Fighting for housing justice means not only acknowledging the history of the land we live on, but fighting to return indigenous land to indigenous people.

If you have attended an East Bay Housing Organizations event, you will have noticed the land acknowledgment we present at the beginning of each program. In this acknowledgment, we invite our members to join us in paying shuumi, a voluntary annual gift to the Sogorea Te’ Land Trust, which works to return Ohlone land to Ohlone people.

In this season of giving, we would like to share a little more about the work of the Sogorea Te’ Land Trust in hopes that you might join us in giving as well.


Lisjan Ohlone Land

Sogorea Te’ Land Trust is based in Huchiun, in unceded Lisjan territory, what is now known as Oakland, Berkeley, Alameda, Piedmont, Emeryville and Albany, California. When we say that this is “unceded territory,” we mean that this land was seized through violence and against the Lisjan Ohlone people’s will.

The Confederated Villages of Lisjan are one of many Ohlone nations . . . When the Spanish invaded in the late 1700s, in their ignorance they called us Costanoan, people of the coast. In the 1960s and 70s, inspired by the Black Power and American Indian Movements, we organized and renamed ourselves Ohlone.

Sogorea Te’ Land Trust

About the Sogorea Te’ Land Trust

Four Indigenous women smile at the camera. They are of different generations and different tribes. The women wear traditional beaded jewelry as earrings and necklaces.

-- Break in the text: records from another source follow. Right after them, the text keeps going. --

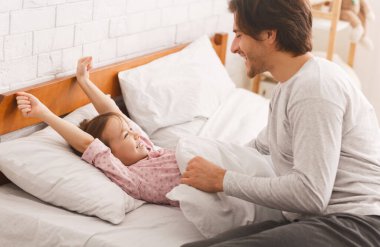 Anaokulu kızı uyandıktan sonra yatakta geriniyor.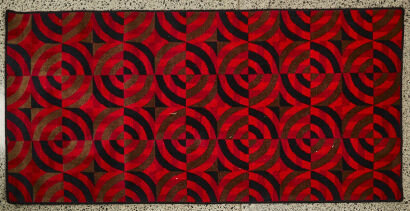 A Retro Red And Black Patterned Rug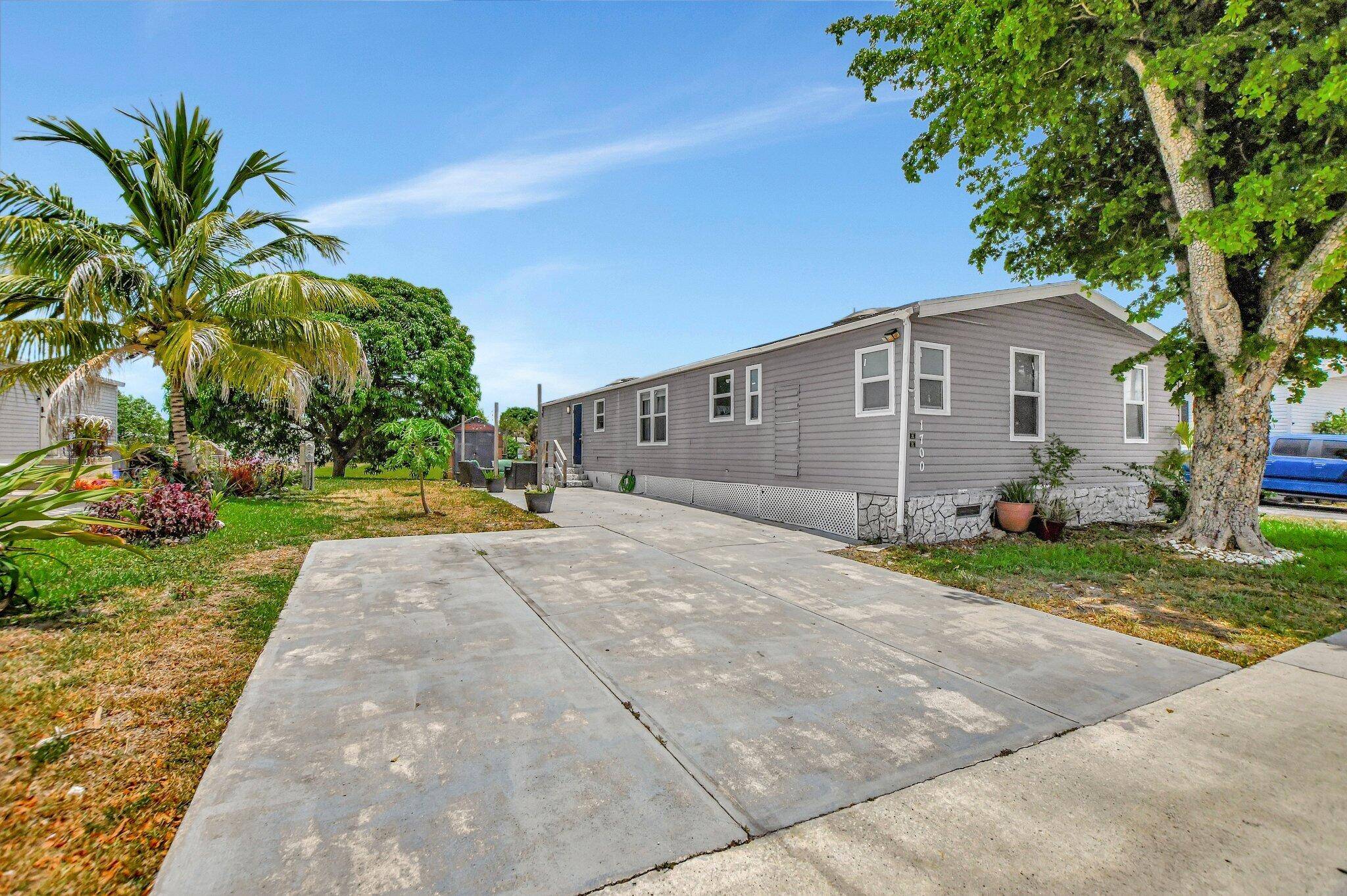 This exceptional residence in highly sought after West Boca Raton presents a spacious four bedroom, two bathroom home designed for both comfort and security.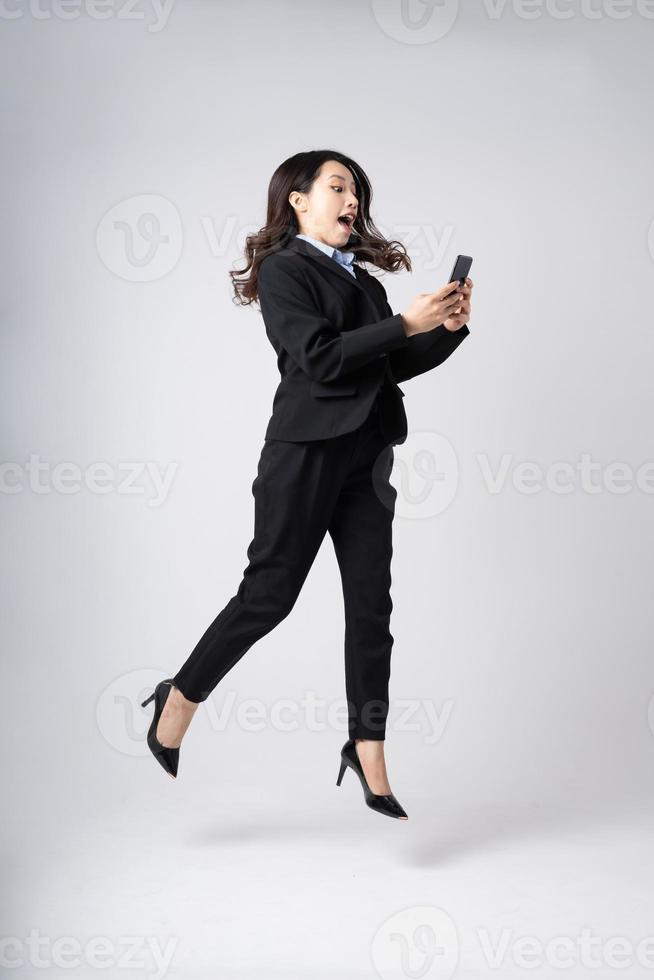 full body image of beautiful young asian businesswoman, isolated on white background photo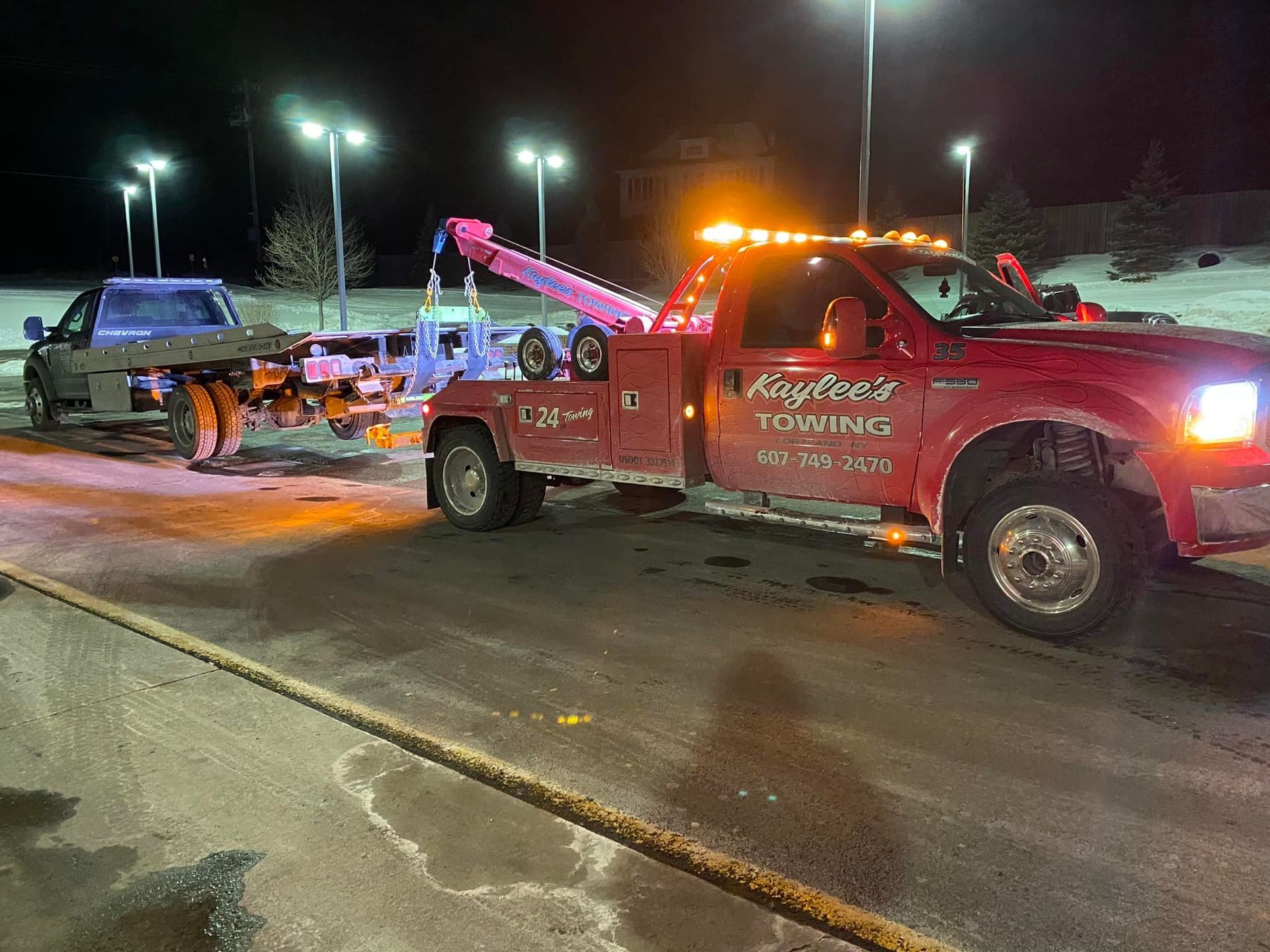 A red tow truck is towing a truck in a parking lot at night.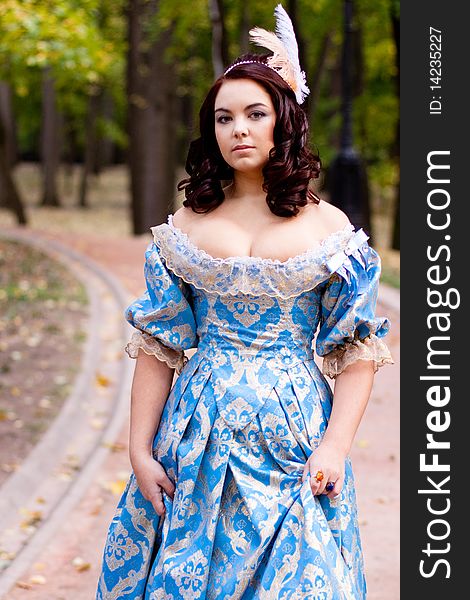 Portrait of lady in blue baroque dress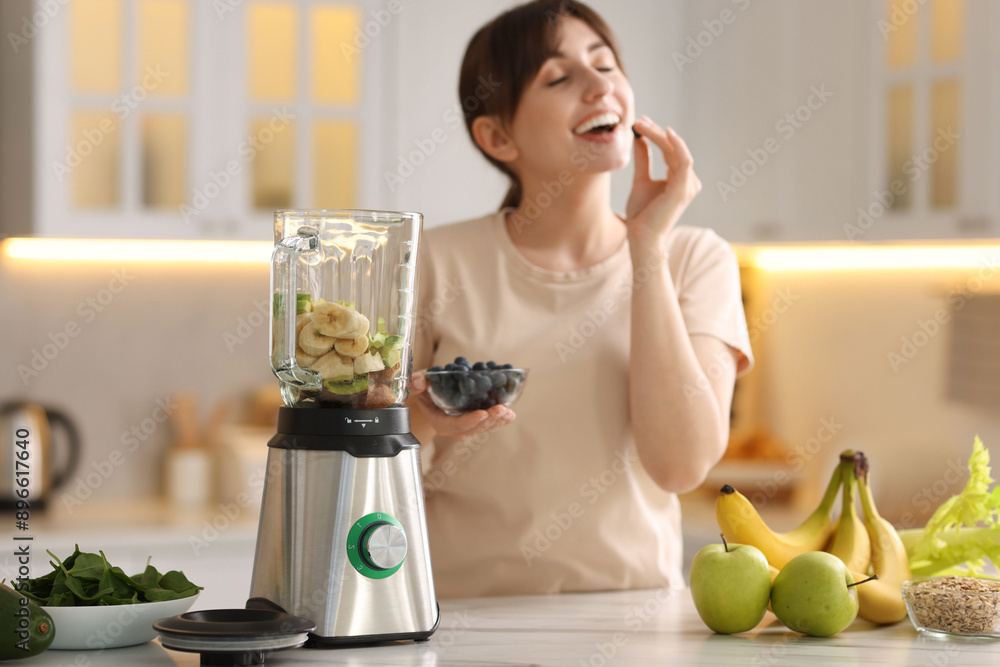 Young woman making delicious smoothie with blender at white marble table in kitchen Young woman making delicious smoothie with blender at white marble table in kitchen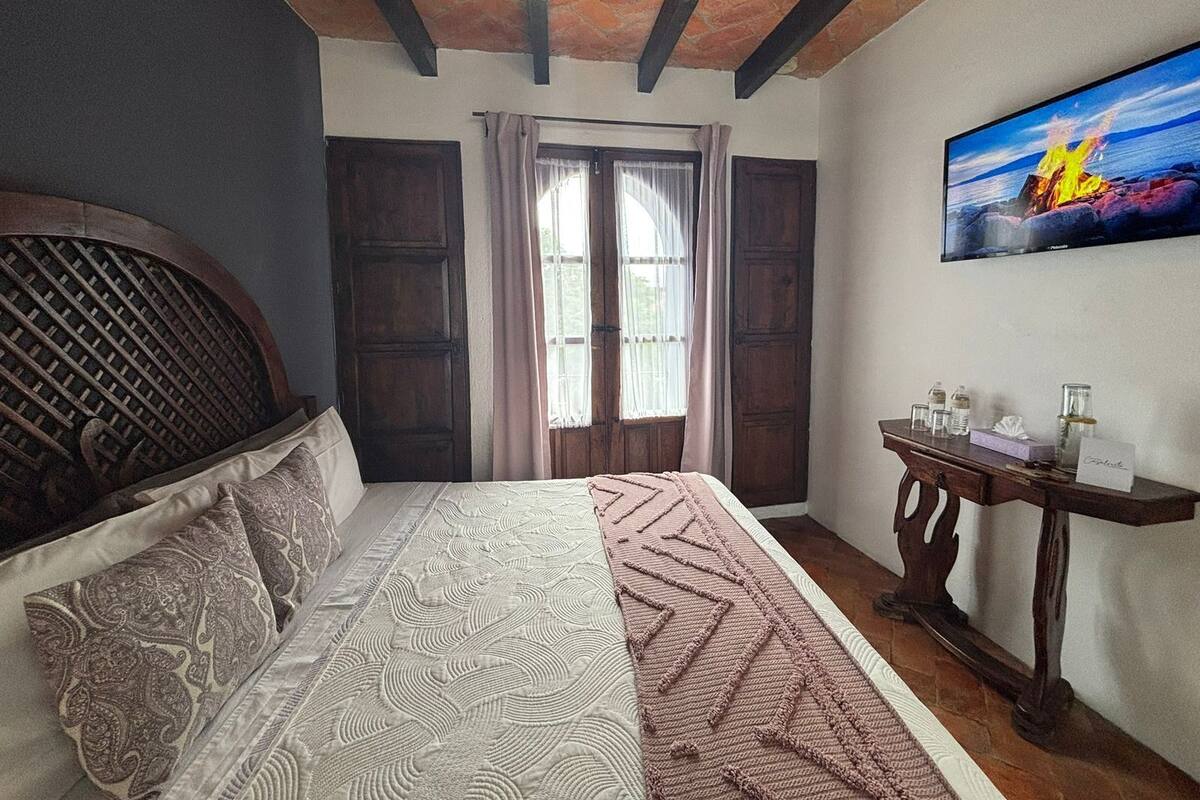 Quarto com cama, cabeceira de madeira, mesa de cabeceira, quadro e janela com cortinas.
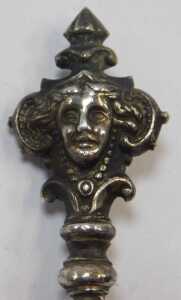 A Continental white metal spoon, with a twisted handle and figure head terminal, stamped 800,... - 3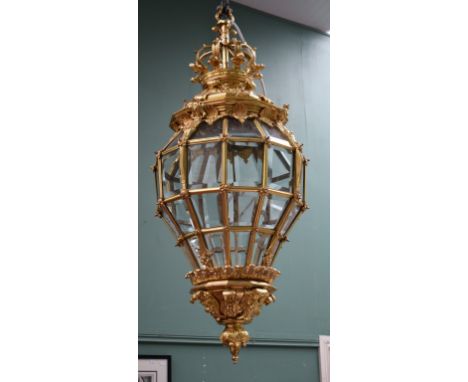 A VERY ATTRACTIVE TWELVE-SIDED GILT BRASS POT BELLY HALL LANTERN, with forty-eight bevelled and glazed panels, and a leaf cas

The Sogorea Te’ Land Trust is an intertribal organization founded and led by Indigenous women. It is the first urban Indigenous woman led land trust in the United States.

Your shuumi dollars go towards operating the Rematriate the Land Fund, organizing for cultural revitalization, and working on land restoration projects.

The Rematriate the Land Fund covers purchasing of East Bay land, permits and fees, studies, surveys, remediations, and restoration. This work includes bringing home the bodies of over 15,000 Ohlone people built over by real estate developers and reburying them in a sacred shellmound burial site.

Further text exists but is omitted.